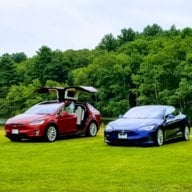 Model S Ez Pass Placement Tesla Motors Club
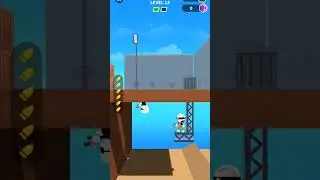 LEVEL 13 | Johnny Trigger: ActionShooter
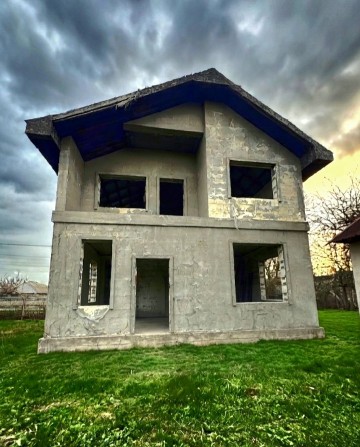 Продам дом Левый берег. Продам дом Березановка - фото 1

- - -

What the task requires :: Beginning with the line that holds "LEVEL 13 | Johnny Trigger: ActionShooter", extract every line to the end of the material, exactly as it stands, and drop the pictures.

Result of the task ::
 LEVEL 13 | Johnny Trigger: ActionShooter
 Продам дом Левый берег. Продам дом Березановка - фото 1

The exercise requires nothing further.